Businesses that have developed the ability to remain flexible are said to possess Dynamic Capabilities (Teece and Pisano 1994), meaning they can move seamlessly from one position to another rather than get caught in a vulnerable position that cannot be easily adjusted.

The ability to move quickly is of course particularly beneficial when both factors change at the same time, ie the positioning and circumstances of the business, and the environment within which it operates.

To use a current example, before the collapse of the financial system in 2007/8, too much cash was advanced at artificially low rates – not adjusted for risk – to too many businesses of all sizes.  This freely available finance led to many businesses changing their strategy and expanding either too quickly, or into areas they were not entirely comfortable with.  When the environment changed again – back to a more normal and even decreased level of available business funding – many of these businesses weren’t flexible enough to react. This has contributed to the proliferation of so called zombie companies, which we have argued previously are holding back growth.  The ramifications of this will be felt for many years, possibly decades, to come.

So what’s the best way to ensure your business stays nimble and retains the ability to react quickly?  Below are three areas that any business owner/manager needs to continually review.

Business strategy flexibility

It is important to keep assessing the immediate external environment to ensure that your offering is relevant to what is happening in the wider world.  There is an often-used example of the great IBM being late to the Personal Computer market, insisting that the future would stay with mainframe, business driven hardware.  This lack of flexibility and inability to accurately predict the future nearly destroyed the business and they have been playing catch up ever since.

For more ideas about ways to review the external environment, see our free eGuide, “Company Turnaround and Refinance”.

Resources flexibility

Once you have ensured your business strategy is appropriate for what is going on in the wider world, it is obviously important to have the right resources and capabilities in place. Further flexibility can then be embedded in your business by positioning these resources in such a way that you can make changes when required. For example:

  • Employees that have more than one skill set
  • Outsourced functions such as Finance, Marketing, Manufacturing and even Sales
  • Assets on short term rental rather than purchased outright or on long term inflexible leases
  • Property held on licences rather than long term leases

Again, our free eGuide has a lot more examples and information on Resources and Capabilities analyses.

Finance flexibility

In the good times, many businesses committed to long finance agreements on the basis that you couldn’t get too much of a good thing.  Now, in the post-crisis period, with growth hard to come by and costs under continual review, many businesses find themselves stuck with onerous finance facilities contributing to on-going cash flow problems.  This is particularly the case with invoice finance facilities, where traditional facilities demand that the whole ledger is financed and that the agreement itself can be for periods of 12-24 months.
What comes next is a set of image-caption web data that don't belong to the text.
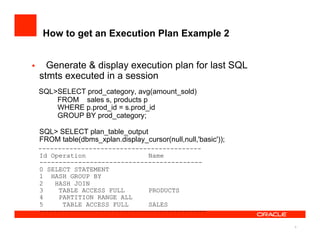 How to get an Execution Plan Example 2


•           Generate & display execution plan for last SQL
          stmts executed in a session
          SQL>SELECT prod_category, avg(amount_sold)
              FROM sales s, products p
              WHERE p.prod_id = s.prod_id
              GROUP BY prod_category;

          SQL> SELECT plan_table_output
          FROM table(dbms_xplan.display_cursor(null,null,'basic')); 
      ------------------------------------------
       

      Id Operation                Name
      ------------------------------------------
      0 SELECT STATEMENT
      1 HASH GROUP BY
      2   HASH JOIN
      3    TABLE ACCESS FULL      PRODUCTS
      4    PARTITION RANGE ALL
      5     TABLE ACCESS FULL     SALES
      -------------------------------------------

                                                                       9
Thankfully this is now changing, with more and more facilities being made available on a selective basis with no long term tie-in over and above the invoice(s) being funded.  This new kind of alternative financing products can improve your business’s agility.

The level of flexibility that any one business goes to has, of course, to be balanced against the potential problems of having an entirely virtual company, where all resources and capabilities are outsourced.  This extreme position can lead to a lack of control over staff, quality, marketing and ultimately the integrity of your brand.

However, a lack of flexibility can mean an inability to survive in an ever-changing world. So striking the right balance between the two is crucial.